I wanted to use open source libraries and minimize third party paid tools. Here is the list of libraries and tools I used:
- OpenAI-Whisper - For transcribing the audio to original language in subtitle file format.
- FFMPEG - For merging the audio and video files. This is a base of multiple libraries to perform audio and video operations.
- ChatGPT - For translating the subtitles to English. This is a paid service, but I used it for a limited number of subtitles.
- Google Translate - For translating the subtitles to English. I had to create Google service account with translation API enabled. This is a paid service, but I used it for a limited number of subtitles.
- srt - For reading and writing subtitle files in SRT format.
- demucs - For separating the background audio from the video. This is a deep learning model that separates the audio into vocals and background music.
There were some challenges I faced while building the tool:
- Transcribing audio correctly: In some cases, the audio was not transcribed correctly. Specially when it included loud background music. This was the case with whisper. I tried using demucs to separate the background music from the vocals, but it did not work well in the basic case of mine. I found that whisper can do a better job since it was trained on audio files with background music. The default mode was transcribing when run via command line. I experienced that the turbo model works better than the default large model.
- Translating subtitles: I explored google translate API, chatgpt API and deepl. I found that while google translate API is the most accurate, I wanted to add some human touch to the translation. ChatGPT was able to do that for me. In the script, there is an option to choose between Google Translate and ChatGPT.
- Text to speech: I didn’t want to spend money on paid tools and wanted to try open source libraries. I tried using bark. The audio was generated but in some cases, the quality was very poor and it added distorted sounds in few cases. I decided to try voice cloning libraries and came across OpenVoice and Melo TTS.
- Voice Cloning: While OpenVoice and MeloTTS could generate the audio together, but there were 2 major hurdles I faced:
- The libraries were not functional on Python 3.12 which I was using. It worked on python 3.10. So including the TTS logic in the same script was not possible.
- The libraries needed a longer sample audio to clone the voice better. Some of the subtitles were short and there were errors generating the audio for those subtitles.
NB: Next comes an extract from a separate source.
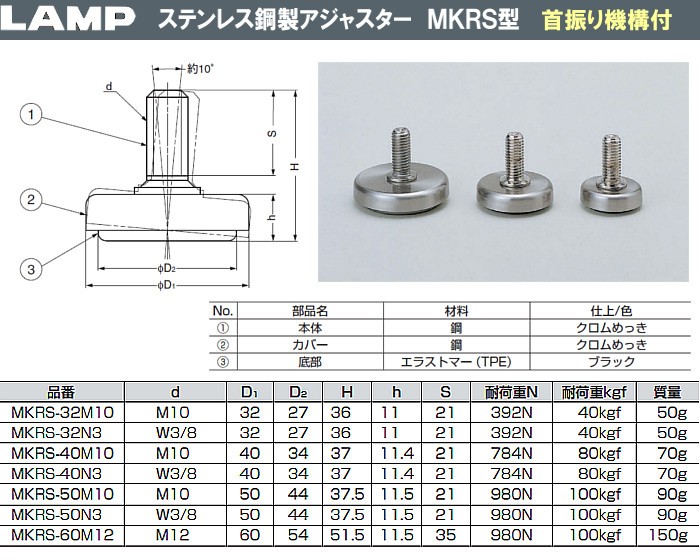 ステンレス鋼製 アジャスター MKRS型 首振り機構付 LAMP スガツネ MKRS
I decided to clone the repository for OpenVoice and updated the checks that required longer audio samples. I also added a check to skip the subtitles that were too short.
- Translate audio length: In some cases, the translated audio was longer than the original audio. This caused issues while merging the audio with the video. In some cases, trimming the audio was required.
- Apple Mac M1: The libraries were developed with GPU(CUDA) in mind. So the logics were run on CPU. This caused the audio generation to take a lot of time. I had to tweak the OpenVoice library to run on CPU.
I have created 2 github repositories for the tool:
- Video Translator - This contains the README with all the details to run the tool.
- Audio Cloning - This contains the tweaked version of OpenVoice library to generate cloned audio for short subtitles. It has a file named
test1.pythat can be used to clone the audio output generated by the video translator tool.
After both scripts are run, the Readme file in translator repository has the details to generate the final translated video.